Has anyone from either the USA or Canada visted any of the Worldmark resorts in Australia? If so I would be very curious to hear about your experiences. Thanks.


----------



## Dave M (Oct 19, 2005)

As a TUG member, you can access the TUG reviews for these resorts. Click on "TUG Resort Databases" at the top of the page. You'll need to insert the TUG Member user name and password (not your BBS user name and password) for access.


----------



## chubby (Oct 24, 2005)

Hi
We have stayed at 3 World Mark resorts in Australia and found them very good Ballarat, Lakes Enterance , one on the Gold Coast.
The resort at Ballarat is an old boys home turned in to a resort it has been said there is a ghost of a boy in there we  never seen anything when we stayed there and we have  been to this resort 4 times .So I will leave you to choose if you want to go to that resort if you want any info on Australia just ask


----------



## 4dabirds (Oct 26, 2005)

The WMSP boards found on the Worldmark Forum should help... they are down near the bottom of the list and broken up by location.
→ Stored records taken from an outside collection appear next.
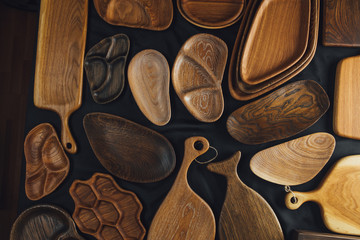 Top view of unused brand new brown handmade wooden kitchen utensil, made from different wood species, dish plate and cutting board on black background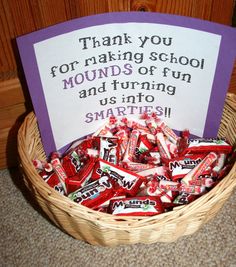 a basket full of candy with a sign in the middle that says thank you for making school mounds of fun and turning nuts into smarties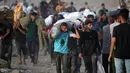 Kepala Badan Bantuan dan Pekerjaan Perserikatan Bangsa-Bangsa untuk Pengungsi Palestina (UNWRA) menyebut lokasi itu atau titik distribusi bantuan sebagai perangkap maut. (Eyad BABA/AFP)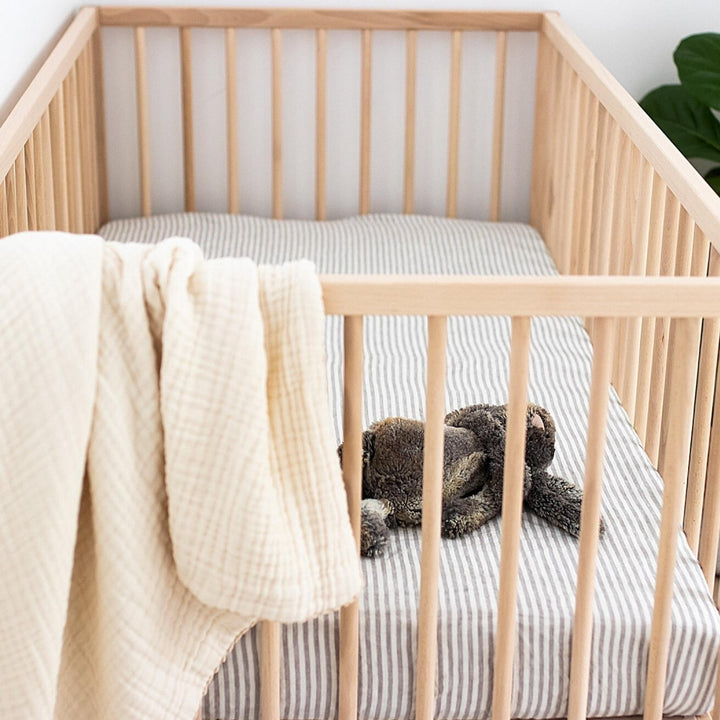 Foxtrot Home French Flax Linen styled in a baby's bedroom with Grey Stripes Cot Sheet and Bassinet Sheets.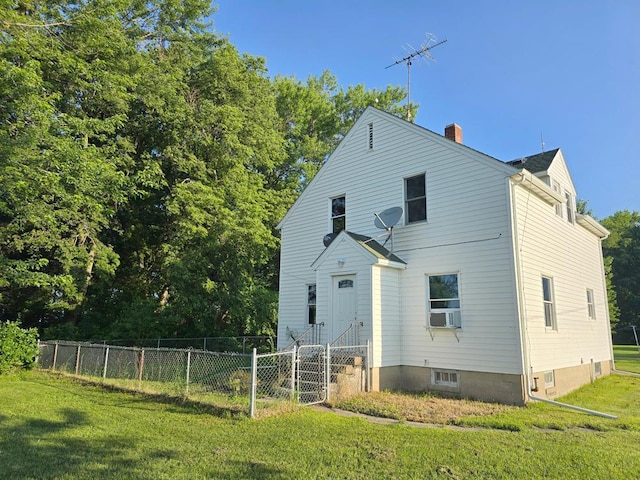 36789 State Highway 22, New Sweden Twp, MN 56082 - rear view of property featuring a chimney and cooling unit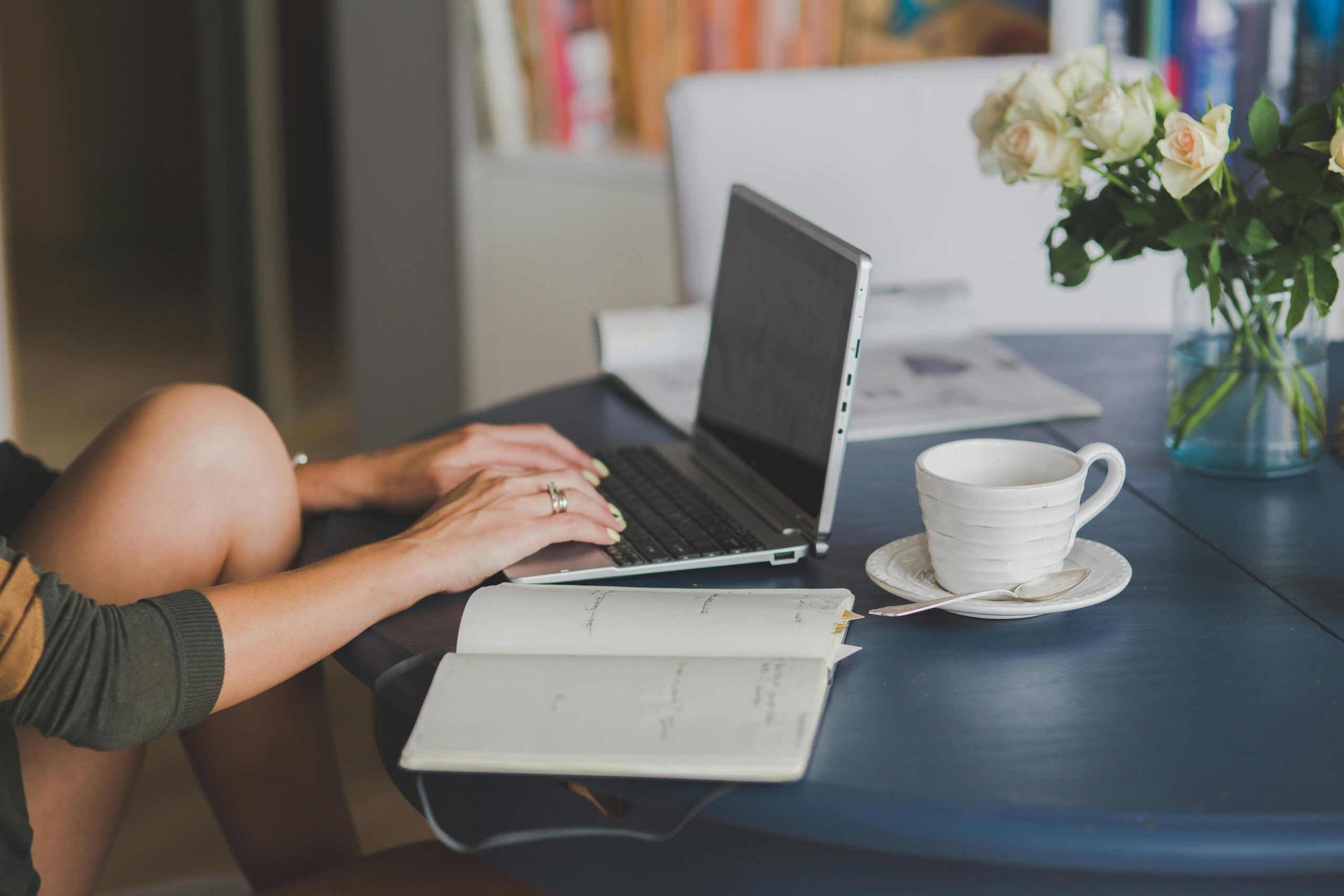 Person working on a laptop with a notepad, coffee cup, and flowers on the table. Breaking down to tasks for managing adhd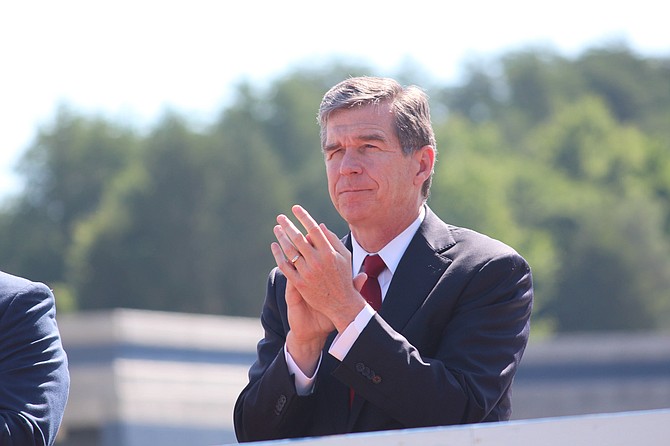 The compromise between Republican legislative leaders and Democrats led by Gov. Roy Cooper (pictured) eliminated a provision that required transgender people to use restrooms in many public buildings corresponding to the sex on their birth certificates. Photo courtesy Flickr/NCDOTcommunications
http://forums.trendwest.com/ubb-threads/ubbthreads.php

Kim


----------



## HudsHut (Nov 18, 2005)

We stayed at WorldMark (WM) Cairns Trinity Links resort in May 2001. The WM units are part of an apartment/condominium complex. We had a very nice 3 bedroom unit. It was about a 10 minute drive to downtown Cairns. There is a city golf course across the street from the WM.

Also, the new "Trendwest Suites, Sydney" 
http://www.worldmarksouthpacific.com.au/resorts/sydney.shtml
is the suite hotel we stayed at while we were in Sydney. Trendwest just converted it to a timeshare in the last few months, and they are just beginning to accept reservations. It was a good location, adjacent to the monorail, and within walking distance of the Sydney Opera House. There were many restaurants nearby in the Darling Harbour area.

Cheers,
Maria


----------



## Judy (Nov 24, 2005)

*Worldmark Trinity Links and Trendwest Suites Sydney*

Last month, we stayed for a week at Worldmark Trinity Links and for one night at Trendwest Suites, Sydney.  I'll be posting reviews soon.  In the meantime, if you have any specific questions for me, ask away.


----------